Ron walked behind the stage. He emerged carrying 8 huge tombstone looking rocks.

Commandments!
• Absolutely no skateboards, scooters, footballs, Frisbees, etc in the pits. (Amen!)
• All Street Legal competitors may drop 2 of 10 races.
• Beat the champ = beat last year’s series winner at the first event, then the previous event’s winner at the remainder of the races.
• Every car is laddered.
• Ladders are based upon reaction time.
• You must run with your class to have a qualifying reaction time.
• Times will be posted after qualifying rounds near the safety shack.
• Ladders will be posted near the safety shack. The staging lane employee will also have a ladder. Additional ladders cannot be obtained unless you bribe an employee or complain enough that they want to shut you up.

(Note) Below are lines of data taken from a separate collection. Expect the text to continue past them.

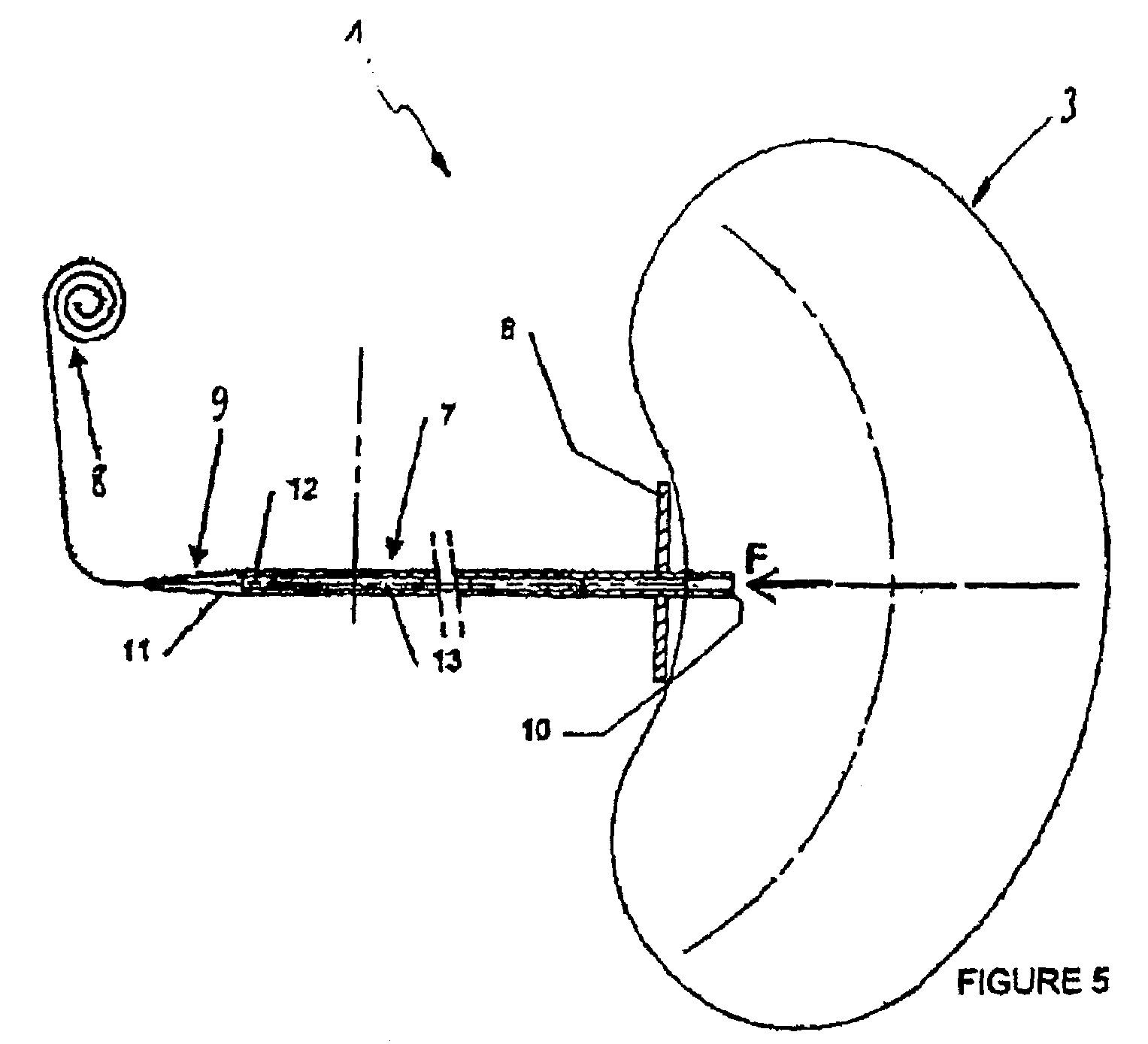 Intragastric device for treating morbid obesity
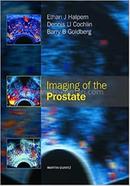 Imaging of the Prostate image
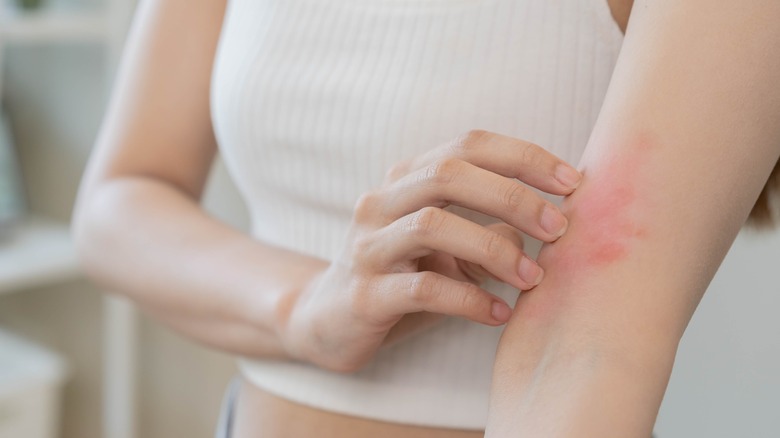 Closeup atopic dermatitis on arm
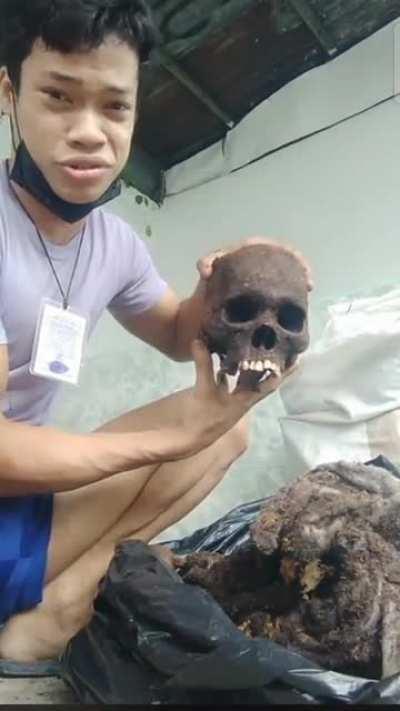 guy does an unboxing of his brother's bones live on facebook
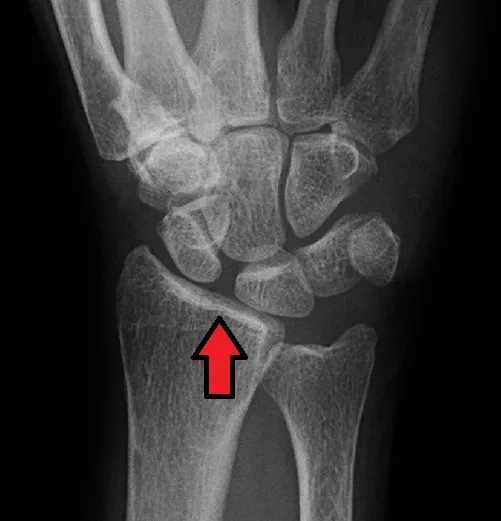 Röntgenfoto van scapholunaire ligamentruptuur met verbrede ruimte tussen scaphoid en lunatum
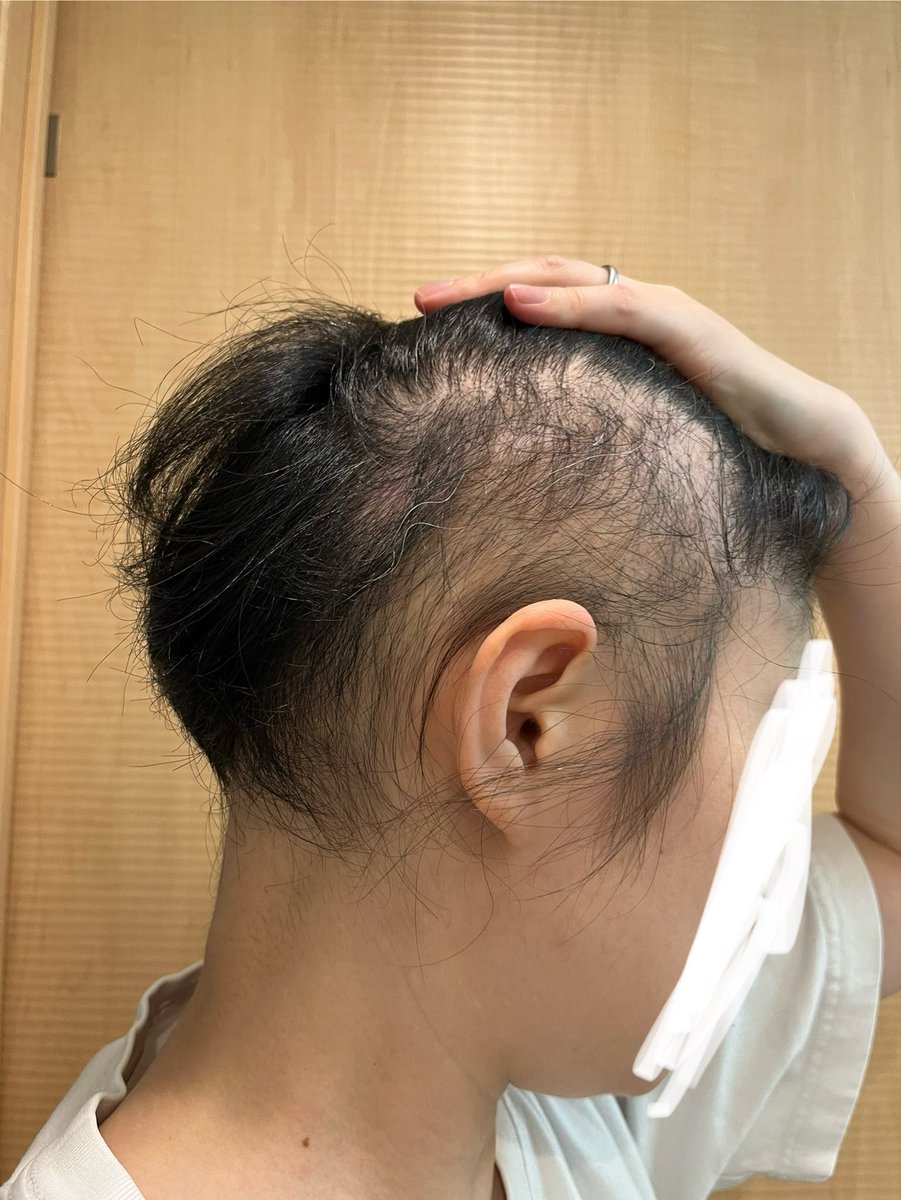 pollo_trk's tweet photo. 2回目235日目

予想以上に薄いというか、やはり2回植毛してもカバーしきれない。特に耳の後ろは過去の抜毛が効きすぎてて、髪長くなってもカバーできるのかな？ https://t.co/5DsQdmskIy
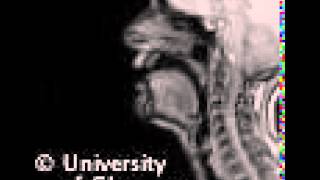 MRI voiced pharyngeal fricative [upl. by Madoc474]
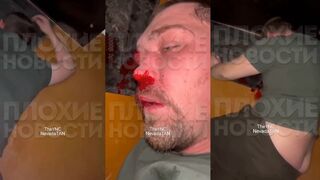 Russian pedo punished hard for sexually assaulting little girl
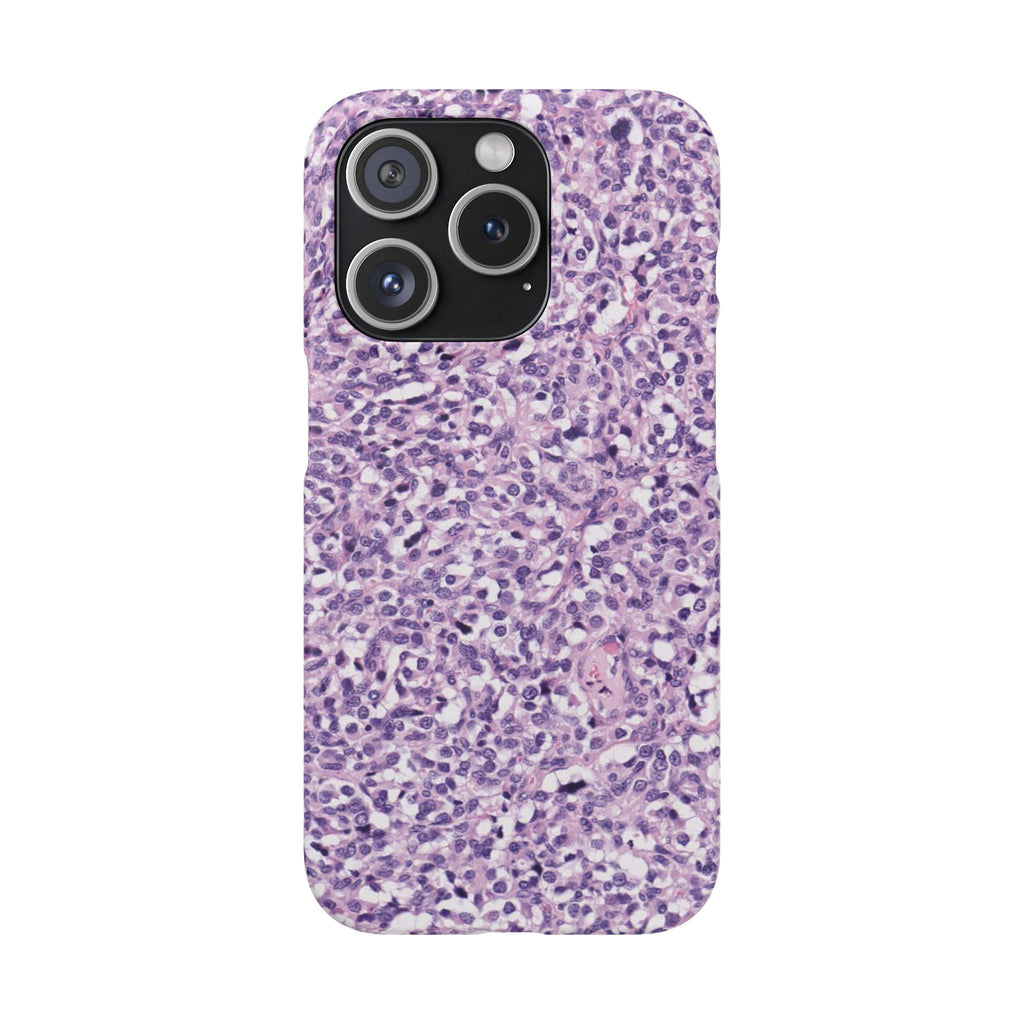 Slim Case Paraganglion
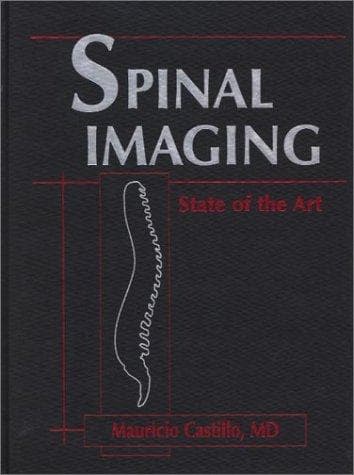 Tapa de Spinal Imaging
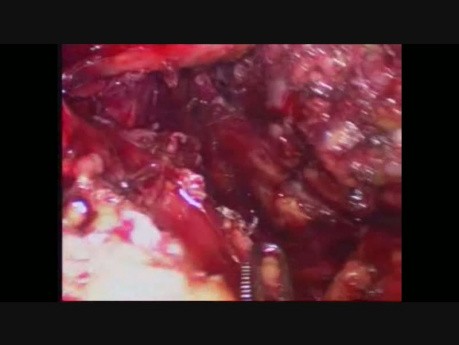Laparoscopic Transhiatal Esophagectomy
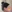 Double chin liposuction (submental liposuction) — Saegim Plastic Surgery Clinic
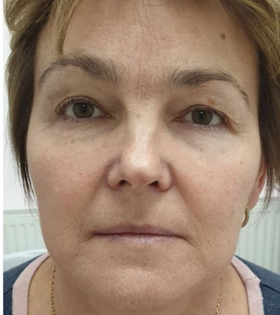 SMAS лифтинг, врач Максюта О.А. - фото до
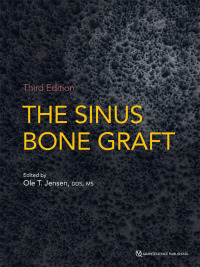 Cover image: The Sinus Bone Graft, Third Edition 3rd edition 9780867157918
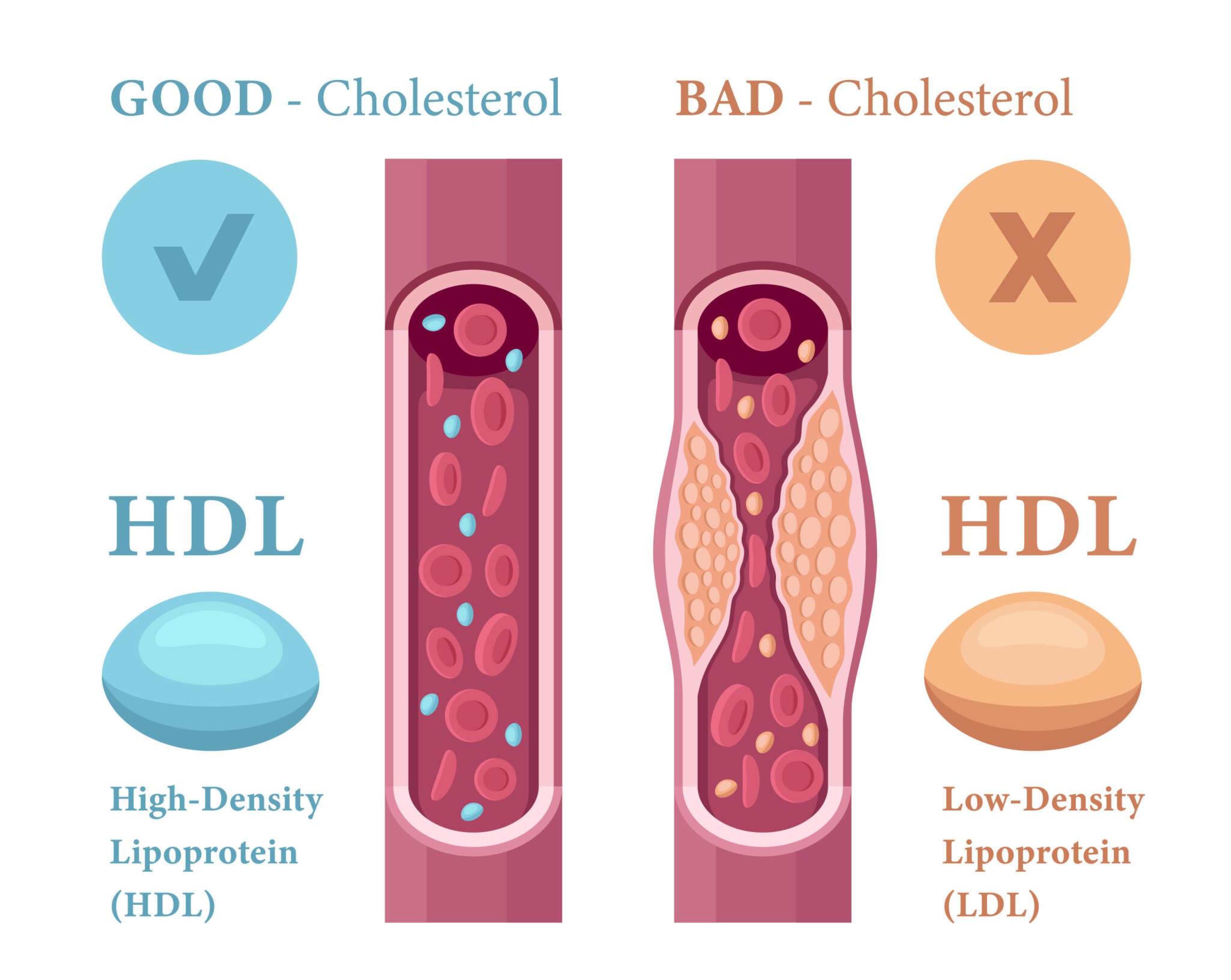 lipid panel c hdl meaning , Good cholesterol, Med Lab Zone , #HDL #goodcholesterol #lipids #hearthealth #medlab #labscience #USAhealth Understanding Healthy Cholesterol Levels By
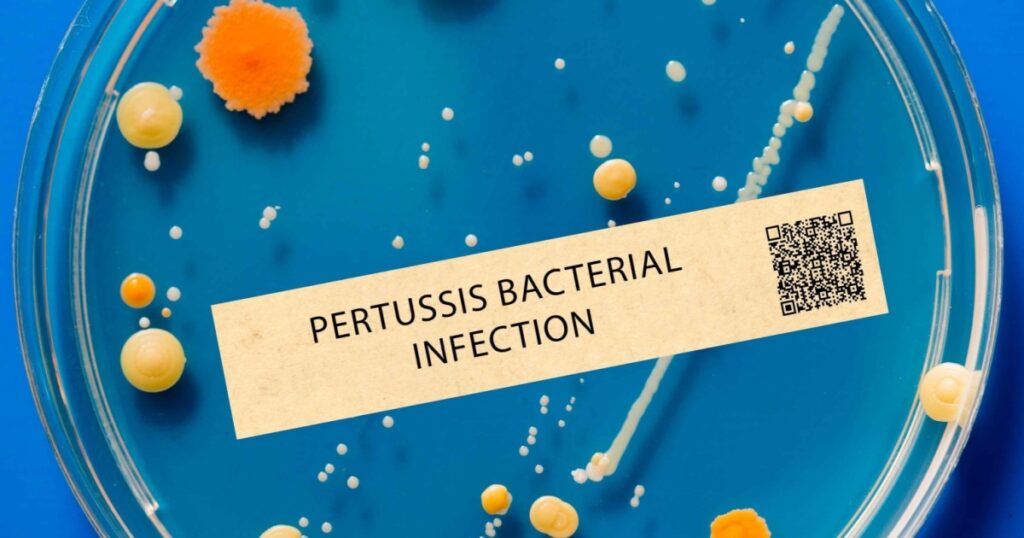 Infant Death Highlights Severity of Australia’s Worst Whooping Cough Epidemic On Record - Featured image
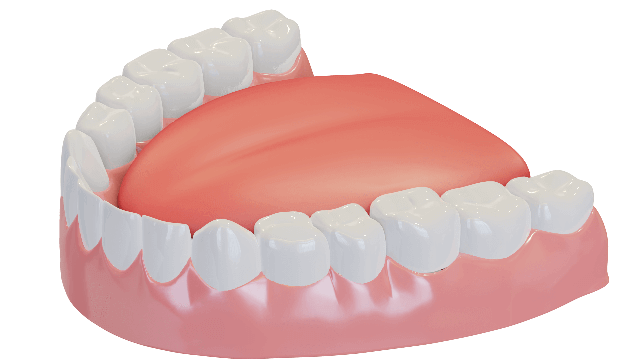 Dental crowns and bridges allow dentists to protect and restore damaged teeth. Typically, when tooth decay is severe enough that it can’t be treated with a filling, a dental crown will be used to cover, or cap, the tooth. Crowns are also commonly used to seal teeth that have been treated with root canal therapy. And occasionally, dental crowns from our Placentia office are used for cosmetic purposes or in smile makeovers. A dental bridge is a type of dental work that replaces a tooth or a few consecutive missing teeth. Two dental crowns are placed on the healthy teeth living on either side of the gap left by your lost tooth. A false tooth, or pontic, is attached to the crowns and literally bridges the gap, replacing your missing tooth.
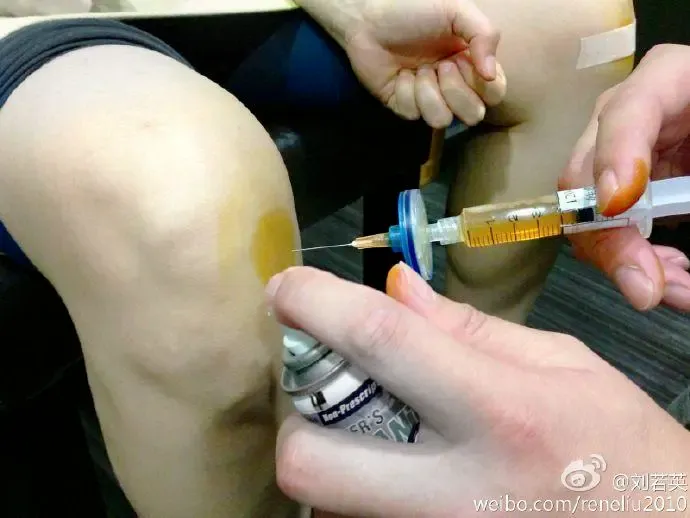 5年随访证实：干细胞治疗慢性膝关节疼痛安全有效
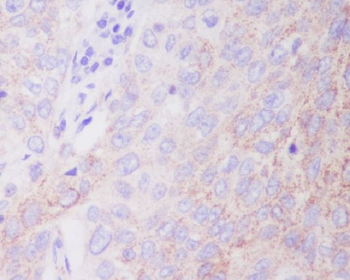 Hexokinase 1 Rabbit mAb [KD Validated]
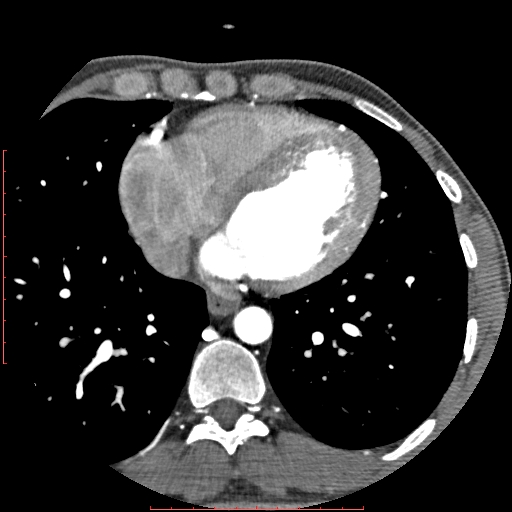 Anomalous left coronary artery from the pulmonary artery (ALCAPA) (Radiopaedia 70148-80181 A 238).jpg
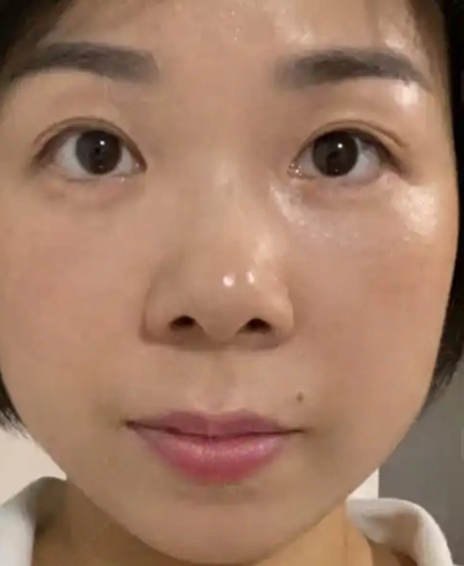 去眼袋手术
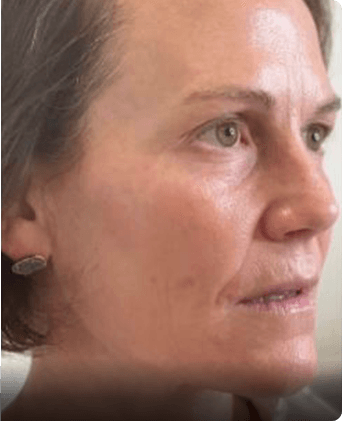 smoothglo treatment before and after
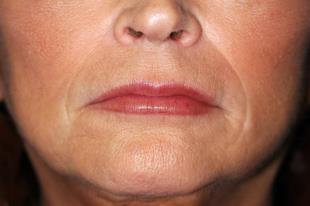 Before and After Radiesse 2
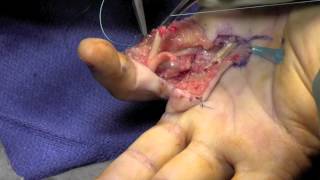 Zone 2 Flexor Tendon RepairZone 2 Flexor Tendon Repair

• No need to report a break to the tower unless it is the semis or finals. But, be a darling, and let your competitor know so that they don’t worry about you.
• Jr. parents, please give your e-mail address and contact info to Mike Hart so that he can provide it to RMR, Troy, Jill, or other unauthorized spam generators. (Those who know me won’t think that last joke was too funny).
• Friday races for Jr’s are for a bond. Saturdays we race for a check.
• All Jr’s can run on Saturdays (no more qualifying at the Street Legal races).
• Saturdays will feature 2 events for Jr’s, the “All Race” and the “Top Jr.”
• Top Jr is an 8.00 index class with a .500 pro tree.
• All Race is for any car in the beginner, advanced or master classes who is not running Top Jr.
• Please declare your choice, Top Jr or All Race, in advance.
• Jr cars running in the beginner category (formerly known as rookie) need a B following their car number. Cars in the advanced category (formerly minor) need an A following their car number. Cars running in the Master category need only their car number. Do not follow the number with a letter. Parents, your name is followed by AARP.
• Jr’s will alternate lanes during qualifying. Otherwise, the 2nd pass is tossed.
• When the water box dude says to start the car, you’d best pay attention unless you worked out something in advance or unless you want to be tarred and feathered.
• For the Nitro Jam, the Friday race will be a points race for Jr’s. The Saturday Nitro Jam race will feature Top Jr and All Race.
• Top Jr and All Race will both have season champions crowned.
• Entry fees are $30.
• Jr parking is at the turnout on Fridays (as always), but on the corner of the staging lanes on Saturdays.
• Applause roared from the adoring crowd when it was announced that 12 feet of crushed highway asphalt would be laid and slurry sealed from the outside of the staging lanes to the dumpster and another pit row added after that. I thought Slurry Sealed Crushed Highway Asphalt was some sort of dirty talk. I kept waiting for the punch line.
• RMR cannot manipulate the ladder.
• RMR will be part of 1320go.com.
• New FM system, same channel.
• Julie will have a megaphone (It’s unclear if a new FM system = Julie with a megaphone)
• RMR is working on new wireless internet.
• April 9 at 10:00 AM Ralph will tech cars for ETI’s/YTI’s in the parking lot of Autoliv in Ogden. The cost is $20 per car. To get to Autoliv, take the 31st street exit and head West towards Hinkley Airport. Ralph would like to remind folks he has a partner in Utah County who can do tech inspections in the holy land.
• The 2011 RMR rule book supersedes any of my poorly written notes. The official RMR Rule Book will be available online soon if it’s not already there.
• Matt Schoenfeld’s face will be on the tower and his car on the rule book. I provided this picture to RMR, but Scooby, I mean Matt, wanted to charge RMR for the use of copyrighted imagery.

The meeting ended and we were all enlightened. Many of the congregation rushed Minister Ron to either kiss gold rings or confess to sins. The Iron Butterfly crew sang, “There is beauty all around” as we drove home.